Mas o tom de Wilcken não é reprovador. Quaisquer que sejam suas falhas, a expedição não foi somente complicada e perigosa, mas produtiva, fornecendo a Lévi-Strauss uma quantidade de hipóteses imaginativas que lhe seriam muito úteis quando chegou ao seu verdadeiro campo de pesquisa, milhares de quilômetros longe dos arbustos ou da selva.
De volta à França na primavera de 1939, com 30 anos recém-completados e o cérebro ainda ocupado com o que tinha visto, estava tão despolitizado que não percebeu a iminência da guerra na Europa, nem se deu conta das realidades da vitória nazista e do governo colaboracionista de Vichy: em 1940, tentou – e felizmente não conseguiu – voltar para a Paris ocupada como professor, quando os judeus já estavam em risco. Demitido pelo regime de Pétain, teve o visto de regresso ao Brasil negado, mas conseguiu um convite da New School for Social Research de Nova York, e (ajudado pelas conexões de uma tia rica nos Estados Unidos) partiu de Marselha em um navio onde estavam, entre outros refugiados, André Breton e Victor Serge, aventura retratada em um dos episódios mais saborosos de Tristes Trópicos. Ao chegar finalmente a Nova York, Manhattan foi, nas palavras de Wilcken, mais do que o Mato Grosso, “seu verdadeiro choque cultural”.
Ali, em meio a uma comunidade de expatriados franceses bem maior do que a de São Paulo, ele se incorporou ao ambiente vanguardista dos surrealistas – Max Ernst, Yves Tanguy, André Masson, Roberto Matta, para não falar do próprio Breton – para os quais a antropologia e a psicanálise eram as chaves para as fontes inconscientes da existência. Ele havia pintado quando menino; no Brasil, começara a escrever uma peça no espírito de Corneille; na França, iniciara um romance no estilo de Conrad. Em Nova York, desistiu dessas ambições, mas aprendeu a investir a sensibilidade que estava por trás delas (agora moduladas pelo novo cenário: “Os surrealistas enriqueceram e refinaram meu gosto estético”) em formas que seriam discursivas, em vez de criativas.
 A mudança decisiva, no entanto, veio de duas outras direções: o encontro com a riqueza empírica da etnologia americana, em grande parte reunida por Franz Boas, que ainda estava vivo em Nova York, e as perspectivas teóricas do círculo linguístico de Praga, trazidas para a América por Roman Jakobson, que se tornou seu amigo íntimo. Nada disso era conhecido na França. Enquanto dominava a primeira na Biblioteca Pública de Nova York, Lévi-Strauss absorvia a segunda, que passou a ser a estrutura fundamental de seu pensamento a partir de então.

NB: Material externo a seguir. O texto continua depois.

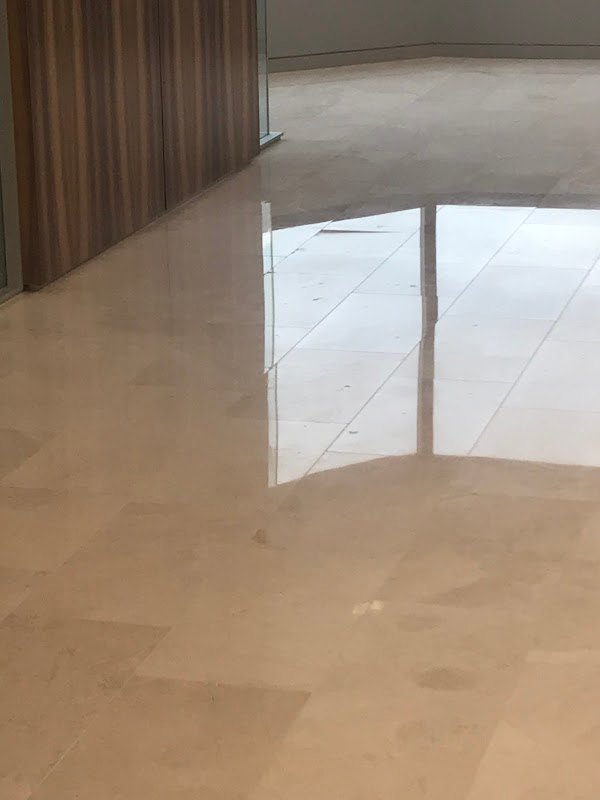 Polished stone floor with reflections, Rose Restoration project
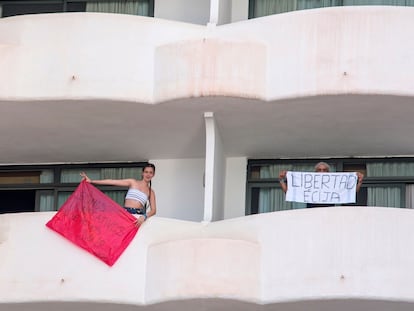 Two youngsters confined at Palma Bellver hotel in Mallorca hold signs saying “We are negative, we want to leave!” and “Freedom Écija."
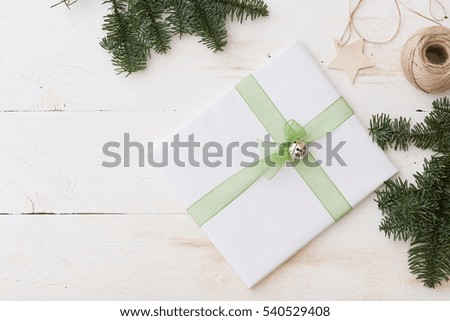 Christmas gift box with decorations. New Year present in white box with fir branches at white wooden table. Flat lay with copy space. Celebration, holiday season and winter concept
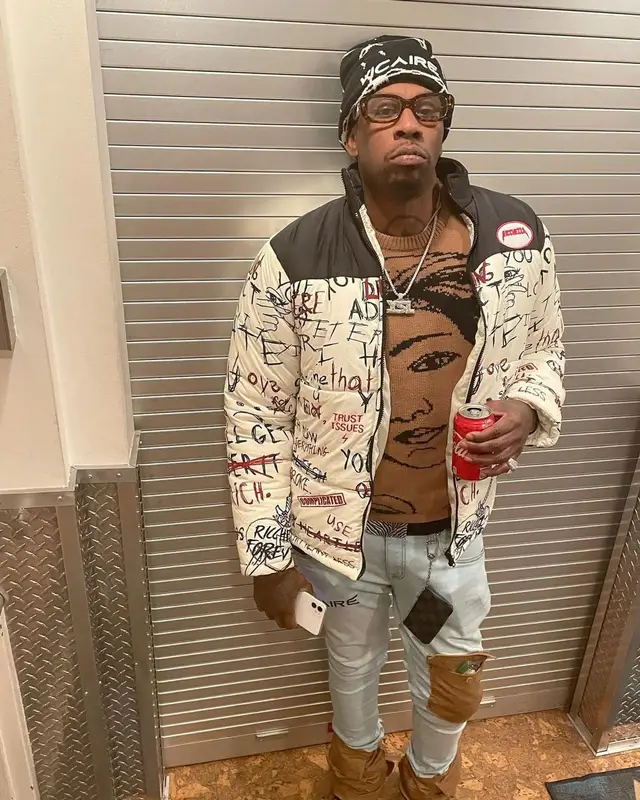 Lil Duke outfit in Ricchezza Forever, Vicaire, and Louis Vuitton, 2021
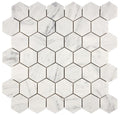 Aria Carrara White marble 2-inch hexagon mosaic sheet, studio image showing bright white stone with soft gray veining and natural variation across the mounted hex pattern.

Cerca de sete anos mais tarde – era então adido cultural francês, instalado numa mansão da Quinta Avenida – sua fusão das duas rendeu As Estruturas Elementares do Parentesco, publicado logo após seu retorno a Paris, em 1948. Nesse enorme compêndio, que procurava sistematizar em um conjunto de padrões inter-relacionados uma vasta gama de sistemas de matrimônio do mundo pré-letrado conhecido, ele sustentava que o tabu do incesto era um universal antropológico que marcava a ruptura entre a natureza e a cultura que tornava possível a sociedade humana. Embora nem todos os achados sobre os quais o livro se baseava fossem corretos, e nem todas as suas interpretações fossem sempre confiáveis, nada como as Estruturas Elementares havia sido tentado antes. Nas palavras de Wilcken: “Sua originalidade, a firmeza de suas afirmações, o senso de uma reorientação teórica há muito tempo necessária fizeram dele um ponto de referência de seu tempo.”
A maior parte dessa obra talvez fosse impenetravelmente técnica, mas sua tese central era de fácil compreensão, por incrível que pareça. Demoraria algumas décadas para que sua premissa básica se mostrasse errada: historicamente, não houve proibição universal do incesto e algumas sociedades, como a Pérsia e os Egito antigos, até mesmo o fruíam.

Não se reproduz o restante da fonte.